Davitt is CEO of the Institute of Professional Auctioneers and Valuers (IPAV), “a modern, progressive and innovative institute,” it says, which represents the interests of auctioneers and estate agents across Ireland. He’s also a landlord who owns eight rental properties and half a shopping centre.
He didn’t mention that earlier this week when he made an intervention on behalf of landlords, apparently, badly hit by Ireland’s housing crisis.
“On the landlords' side – any of them getting very small rents for their properties and can't afford to pay their mortgages: they could well be protesting as well, but we don't hear that much from them. And they are being demonised in lots of cases.”
Former Fianna Fáil branch chairperson Davitt could well be protesting himself at the average monthly rent of €1,048 in his own county Westmeath. Plus he's being hit eight times over, given the size of his portfolio.
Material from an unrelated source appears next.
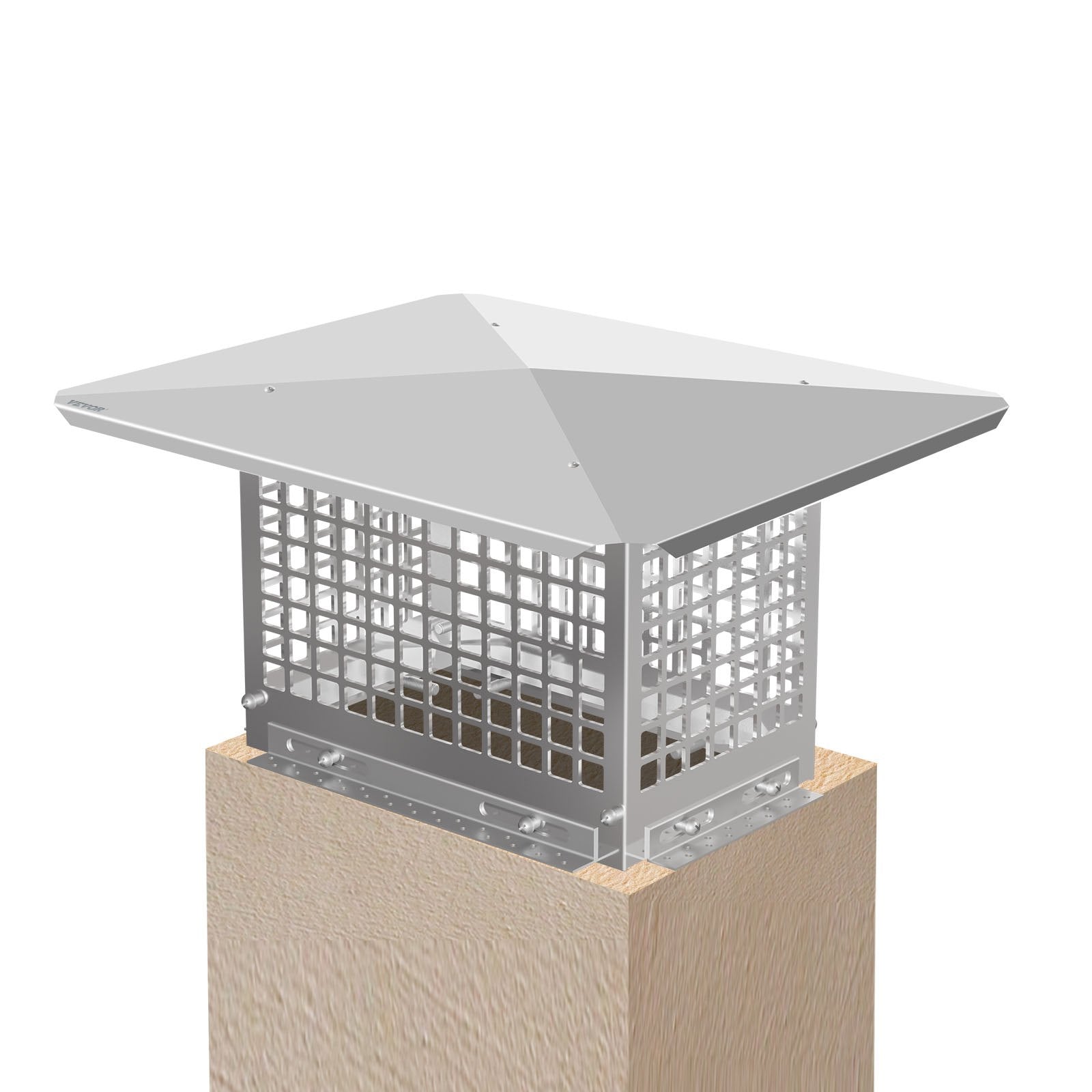 VEVOR Chimney Cap, 8" x 13" Flue Caps, 304 Stainless Steel Fireplace Chimney Cover, Adjustable Metal Spark Arrestor With Bolts Screws , Mesh Chimney Flue Cover for Outside Existing Clay Flue Tile 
Since he wouldn’t tell us, nor was he asked, here’s what Pat Davitt and his wife, two of the lesser spoken-of victims of Ireland’s housing crisis, own.
- There’s the house in Edgeworthstown.
- The apartment in Athlone.
- A flat in Mullingar.
- And five houses in Castlepollard.
- There’s an industrial unit in rural Castlepollard.
- And there’s the commercial unit in the town of Castlepollard.
- Don’t forget: the half a shopping centre he owns in the town, which hosts a Tesco and eight other retailers.
If business remains slow on the property side, the couple also own €297,000 worth of Bank of Ireland shares through their company Davitt & Davitt Ltd.
Davitt knows how to keep the money counter running and Charlie Haughey himself recognised his fundraising efforts for Fianna Fáil.
In 1984 the late taoiseach personally presented Davitt with the Pat Fitzsimons Cup. This was in recognition of his work as chairperson of the Castlepollard Fianna Fáil branch where he managed to secure the single largest increase in the party’s 1983 national collection.
Pat’s nephew, Fianna Fáil senator and auctioneer Aidan Davitt, is another struggling landlord who lets out a few of his own properties to those in need. Aidan understands the risks that come with providing accommodation to the people of Westmeath having watched his pal and party colleague Robert Troy resign over his failure to declare his charitable efforts.
Pat Davitt, sadly, declined to comment.